Last up is a Mugen purple starter box complete with a pair of LRP 1600 matched battery packs, deans connectors installed, and a intellipeak AC/DC charger/discharger. As you can see from the pictures, the box is pretty clean as far as starter boxes go. The batteries charge fully, the belts, wheel, & motors all are in good condition. All four pegs are on the top. The handle & plastic has no cracks, and there are no missing screws. $50 shipped gets it. I will sell this outright locally for $30.....but because of the overall weight of the package, the shipping is high. I prefer local pick up for the $30, but if you want it shipped, I will gladly do so for the $50 price.

The best way to get a hold of me is to email me directly at [email protected]

I don't always check these boards, so if you reply to this thread or send me a PM, I may not be able to get back with you immediately.

Paypal only, or cash for local pick up. My paypal is my email address above.
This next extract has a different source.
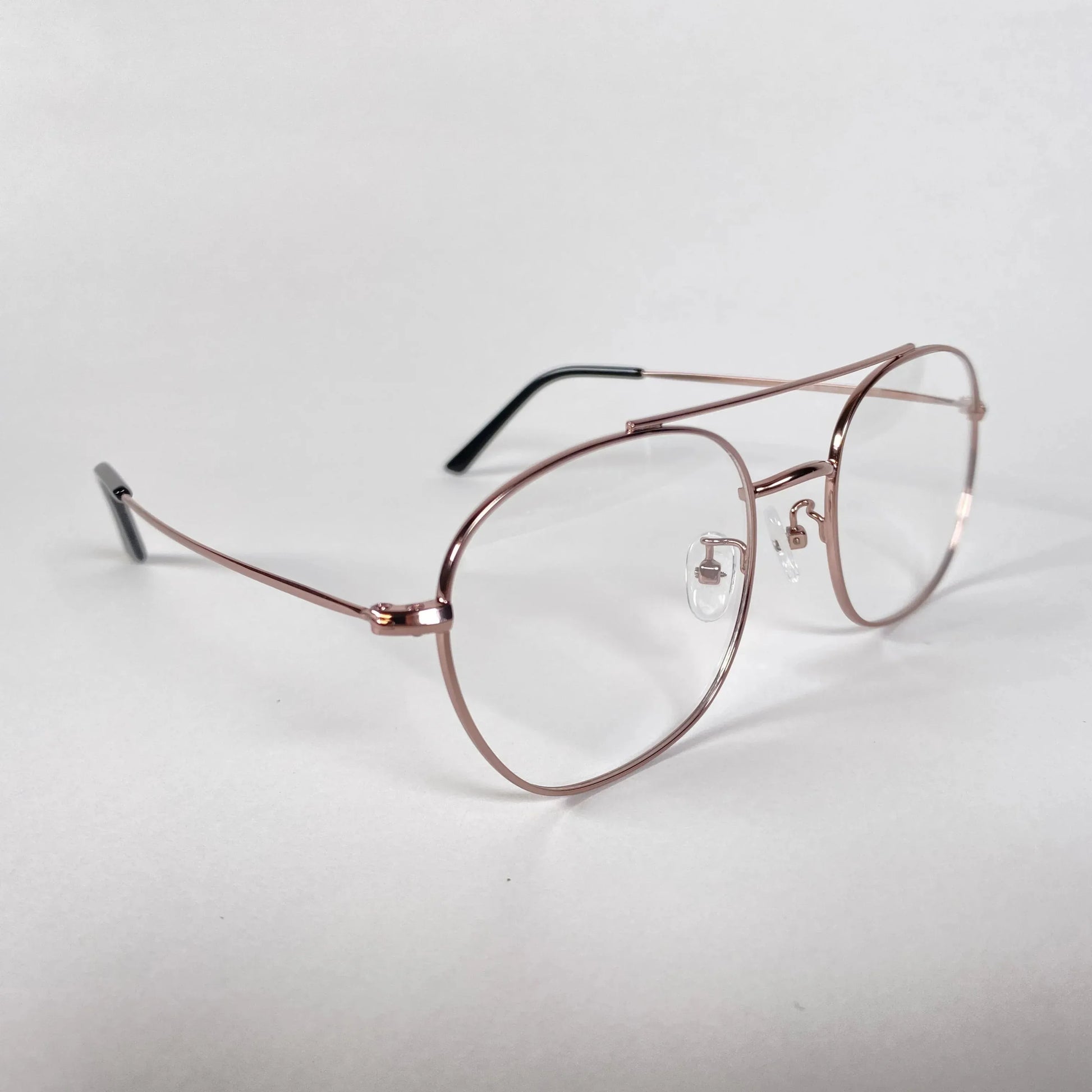 Rose gold aviator eyeglasses with clear lenses on white background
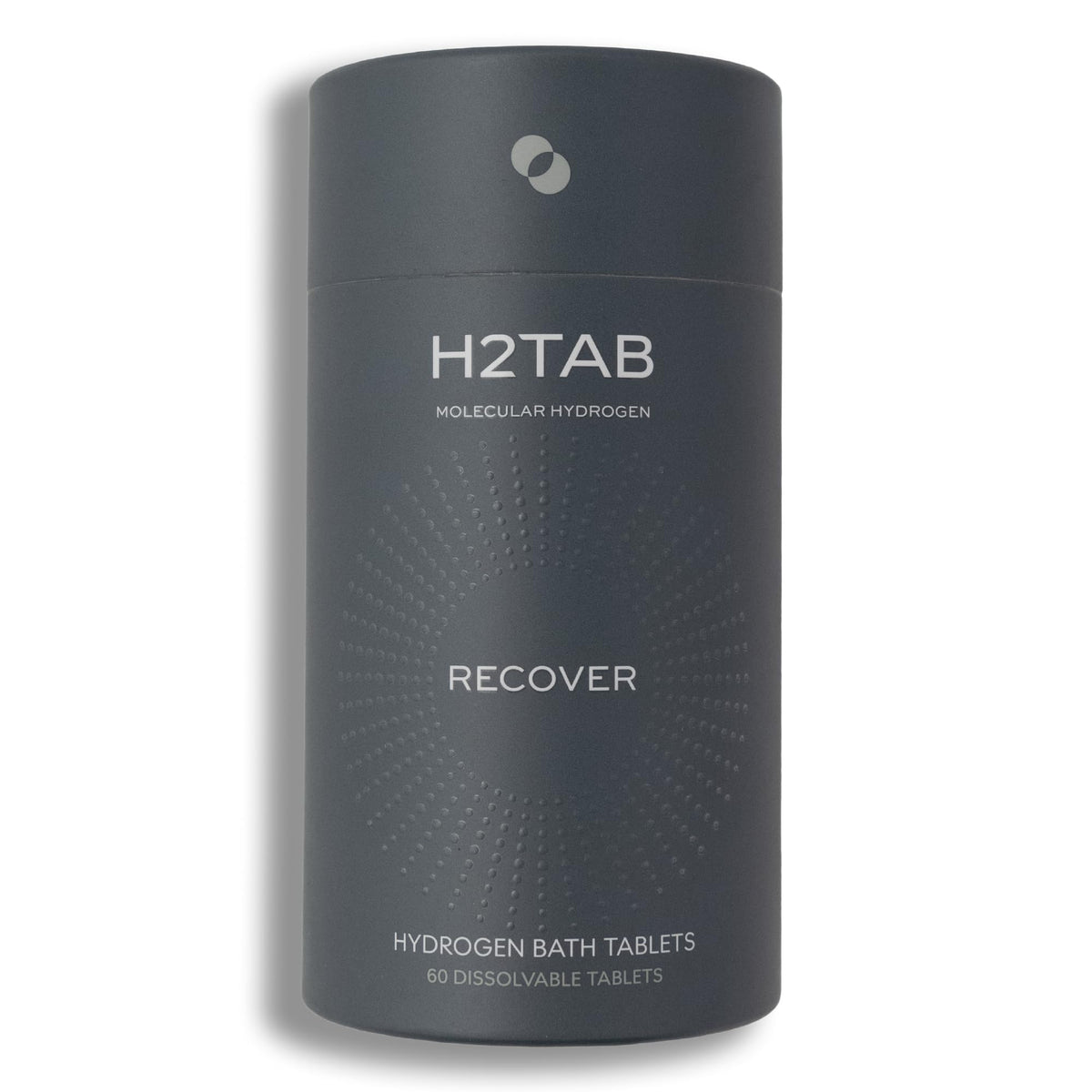 Tableta H2TAB de baño hidrógeno disolviéndose en agua para relajación muscular.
All of the motors are sold as is and are consider used or for parts

I also have more detailed pictures available if you want them....I just didn't want to flood this thread with 40 pictures or so! Just email me and I'll send you what I've got.


----------



## nik77356 (Jun 8, 2007)

hey courtney, wheres my finders fee? haha jk


----------



## Courtney Vaughan (Apr 11, 2007)

It's called "you still owe me MORE money for gas from last weekend" fee!


----------



## muddflaps77 (Dec 1, 2007)

my radical has about 6 gallons on it and it still SCREAMS


----------



## jerry23 (Sep 16, 2005)

hey courtney. id like to get your radical when i get the extra coin.


----------



## Courtney Vaughan (Apr 11, 2007)

Guys, the Radical was purchased from a guy in Austin. I was told that it had 3 gallons through it, but you never know. When I purchase stuff from people (especially motors), I just assume that it has been used 1.5 to 2 times as much as they are actually saying. That said, this motor may really have 3 gallons on it. But based on my experience checking motors (and I've check A LOT of them), I'd guestimate about 5 gallons. I ran this motor in one of my ebay cars just to check it, and it idled great and started easily. I took the backplate off and the rod looks ok and there isn't much play in it. So, I would confidently say that it still has some life left in it. With a pinch and maybe a set of bearings, it's probably got a lot of life left in it. 

That's the story on it.

Josh, hope that answers your question you PM'd me.

Jerry, good to see you around again. It'd be a good time for you to get back in the game! You should come hang out with us for a while at the next race up at Mikes in July. Heard from Phil?


----------



## jerry23 (Sep 16, 2005)

i been sick the last week. just starting to clear up. got some things the next couple of weekends. but im getting back in. talk to phil from time to time. we live in the same hood. i have a radical 621t with the pipe i have on it, it was ballistic. But im coming back. Just gonna take a little time.


----------



## Courtney Vaughan (Apr 11, 2007)

good to hear man.......I'll look forward to it!

I know that Phil probably wouldn't go to Mike's, but he's welcome to come race at our other races.


----------